What follows is a list of blocks o different types convered to using Volk
Type conversion blocks
- gnuradio-core/src/lib/general/gr_char_to_float
- gnuradio-core/src/lib/general/gr_char_to_short
- gnuradio-core/src/lib/general/gr_complex_to_xxx
- gnuradio-core/src/lib/general/gr_float_to_char
- gnuradio-core/src/lib/general/gr_float_to_int
- gnuradio-core/src/lib/general/gr_float_to_short
- gnuradio-core/src/lib/general/gr_int_to_float
- gnuradio-core/src/lib/general/gr_short_to_char
- gnuradio-core/src/lib/general/gr_short_to_float
 
Filtering blocks
- gnuradio-core/src/lib/filter/gr_fft_filter_ccc
- gnuradio-core/src/lib/filter/gr_fft_filter_fff
- gnuradio-core/src/lib/filter/gri_fft_filter_ccc_generic
- gnuradio-core/src/lib/filter/gri_fft_filter_fff_generic
 
General math blocks
- gnuradio-core/src/lib/general/gr_add_ff
- gnuradio-core/src/lib/general/gr_conjugate_cc
- gnuradio-core/src/lib/general/gr_multiply_cc
- gnuradio-core/src/lib/general/gr_multiply_conjugate_cc
- gnuradio-core/src/lib/general/gr_multiply_const_cc
- gnuradio-core/src/lib/general/gr_multiply_conjugate_cc
- gnuradio-core/src/lib/general/gr_multiply_const_cc
- gnuradio-core/src/lib/general/gr_multiply_const_ff
- gnuradio-core/src/lib/general/gr_multiply_ff
 
Gengen to General
One thing that might confuse people who have previously developed in the guts of GNU Radio is how I moved some of the blocks from gengen to general. Many GNU Radio blocks perform some function, like basic mathematical operations on two or more streams, that behave identically from a code standpoint but which use different data types. These have been put into the gengen directory as templated files where a Python script is used to autogenerate the type-specific class. This was before Swig would properly handle actual C++ templates, so we were left doing it this way.

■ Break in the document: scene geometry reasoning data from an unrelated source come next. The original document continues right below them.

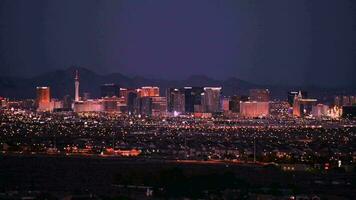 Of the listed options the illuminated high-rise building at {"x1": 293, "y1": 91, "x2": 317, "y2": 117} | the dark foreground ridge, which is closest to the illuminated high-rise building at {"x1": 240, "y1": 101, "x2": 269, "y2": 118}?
the illuminated high-rise building at {"x1": 293, "y1": 91, "x2": 317, "y2": 117}

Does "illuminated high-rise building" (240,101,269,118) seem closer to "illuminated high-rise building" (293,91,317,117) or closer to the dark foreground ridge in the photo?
"illuminated high-rise building" (293,91,317,117)

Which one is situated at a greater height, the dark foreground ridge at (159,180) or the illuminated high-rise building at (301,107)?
the illuminated high-rise building at (301,107)

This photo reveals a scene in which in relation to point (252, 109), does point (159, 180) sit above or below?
below

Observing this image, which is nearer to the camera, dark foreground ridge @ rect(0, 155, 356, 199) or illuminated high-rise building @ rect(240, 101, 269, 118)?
dark foreground ridge @ rect(0, 155, 356, 199)

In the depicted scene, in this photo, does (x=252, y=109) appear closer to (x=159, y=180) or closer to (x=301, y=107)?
(x=301, y=107)

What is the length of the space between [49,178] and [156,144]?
27.0m

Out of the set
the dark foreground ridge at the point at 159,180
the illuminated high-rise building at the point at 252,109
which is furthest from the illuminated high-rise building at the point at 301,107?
the dark foreground ridge at the point at 159,180

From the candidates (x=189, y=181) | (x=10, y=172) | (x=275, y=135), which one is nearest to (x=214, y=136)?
(x=275, y=135)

Well, with Volk, we don't really have the option to template classessince the Volk call is highly specific to the data type used. So when moving certain math block for a specific type out of gengen, we went with the simple solution of removing that data type from the autogeneration scripts and placing it into general as a stand-alone block that can call the right Volk function. Good examples are the gr_multiply_cc and gr_multiply_ff blocks to see what I mean.
This really seems like the simplest possible answer to the problem. It maintains our block structure that we've been using for almost a decade now and keeps things clean and simple for both developers and users. The downside is some duplication of code, but with the Volk C functions, that is somewhat inevitable and not a huge issue to deal with.